Superata la rotonda s’imbocca via Rivoltana e dopo 250 metri circa abbiamo a lato nord un fosso, che fino alla metà del Novecento era indicato come Fontanile Orfanotrofio, e una grande arcata in mattoni che dà accesso a un altrettanto ampia galleria lunga all’incirca 260 metri che sottopassa la sede ferroviaria.

All’interno il canale è suddiviso in ben tre alvei a scalare, per la condotta di tre distinte vie d’acqua. Quella inferiore, la più grande, riceve l’acqua anche da una tubatura in cemento, che s’innesta perpendicolarmente al tracciato.
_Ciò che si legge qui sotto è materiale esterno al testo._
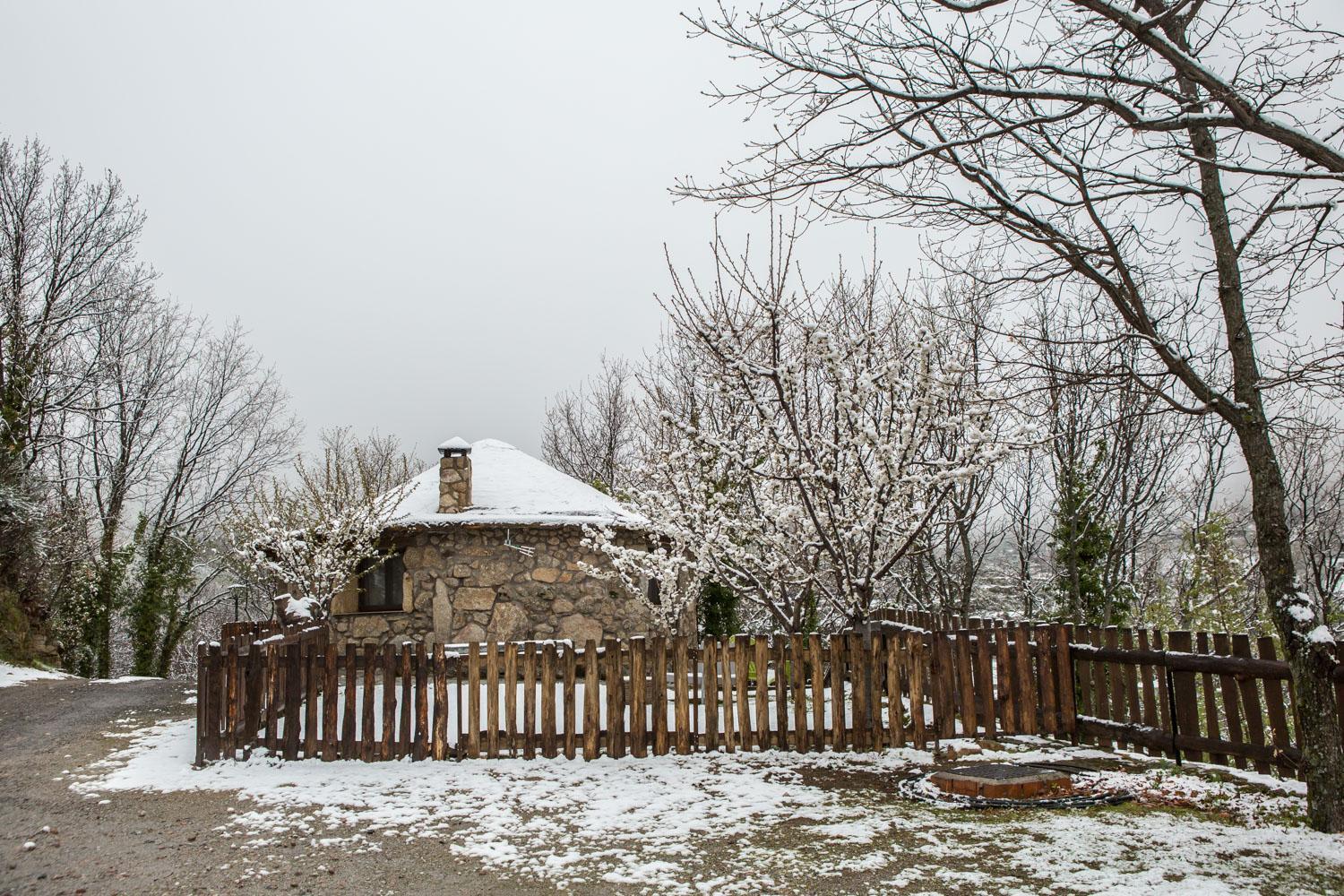 Albergue El Solitario Баньос де Монтемайор Екстериор снимка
Alla data del 1833 l’area a nord di via Corelli, il Redecesio, era solcata verticalmente dalle acque provenienti da numerosi fontanili, uno dei quali aveva la testa a sud di Cascina del Guz, a 300 metri circa dalla viabilità. Il canale sottopassava l’attuale via Rivoltana a est di Cascina Villa Landa e poco più a sud s’immetteva nel Fontanile Villa Landa. Potrebbe trattarsi dell’alveo inferiore e più grande della citata galleria, la quale è stata costruita e successivamente ampliata per consentire alle acque di superare il tracciato ferroviario. L’opera idraulica meriterebbe di essere valorizzata e soprattutto ripulita”.

Il testo è tratto dal libro: Alla scoperta di Milano sotterranea (Newton Compton Editori, Roma 2018).